ASSIGNMENT :: Only the lines from the one containing "四季 手作羊毛氈耳環 可改耳夾 兩副耳環" through the end of the entries should be repeated, exactly as they appear, first and last included.

[Stored entries]
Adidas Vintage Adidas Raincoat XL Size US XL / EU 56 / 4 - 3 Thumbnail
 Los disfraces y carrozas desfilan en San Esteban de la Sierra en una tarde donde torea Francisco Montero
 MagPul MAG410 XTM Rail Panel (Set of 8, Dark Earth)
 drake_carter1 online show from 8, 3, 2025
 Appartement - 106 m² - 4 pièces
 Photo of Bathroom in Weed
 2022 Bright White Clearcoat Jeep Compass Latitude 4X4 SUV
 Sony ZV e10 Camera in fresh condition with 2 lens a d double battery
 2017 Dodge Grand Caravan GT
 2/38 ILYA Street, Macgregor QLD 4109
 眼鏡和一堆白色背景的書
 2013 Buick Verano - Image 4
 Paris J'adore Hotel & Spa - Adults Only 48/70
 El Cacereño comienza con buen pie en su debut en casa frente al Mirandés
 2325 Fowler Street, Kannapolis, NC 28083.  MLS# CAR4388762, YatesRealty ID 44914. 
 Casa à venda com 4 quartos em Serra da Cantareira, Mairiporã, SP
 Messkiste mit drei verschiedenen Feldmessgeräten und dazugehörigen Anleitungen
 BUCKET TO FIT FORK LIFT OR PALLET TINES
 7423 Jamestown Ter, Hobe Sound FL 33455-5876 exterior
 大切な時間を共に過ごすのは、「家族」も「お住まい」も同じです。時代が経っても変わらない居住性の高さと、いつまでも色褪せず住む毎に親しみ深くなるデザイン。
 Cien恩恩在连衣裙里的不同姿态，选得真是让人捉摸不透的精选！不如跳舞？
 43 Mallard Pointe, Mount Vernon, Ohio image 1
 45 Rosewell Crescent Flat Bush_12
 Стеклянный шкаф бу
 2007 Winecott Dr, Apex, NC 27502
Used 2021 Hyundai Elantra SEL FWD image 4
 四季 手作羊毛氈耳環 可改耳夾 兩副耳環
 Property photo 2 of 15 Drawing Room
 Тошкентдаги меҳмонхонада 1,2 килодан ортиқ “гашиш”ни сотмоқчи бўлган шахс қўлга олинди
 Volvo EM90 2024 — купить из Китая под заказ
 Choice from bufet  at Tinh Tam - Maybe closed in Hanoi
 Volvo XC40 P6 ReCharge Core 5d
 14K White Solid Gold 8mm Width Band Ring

WORKED SOLUTION ::
 四季 手作羊毛氈耳環 可改耳夾 兩副耳環
 Property photo 2 of 15 Drawing Room
 Тошкентдаги меҳмонхонада 1,2 килодан ортиқ “гашиш”ни сотмоқчи бўлган шахс қўлга олинди
 Volvo EM90 2024 — купить из Китая под заказ
 Choice from bufet  at Tinh Tam - Maybe closed in Hanoi
 Volvo XC40 P6 ReCharge Core 5d
 14K White Solid Gold 8mm Width Band Ring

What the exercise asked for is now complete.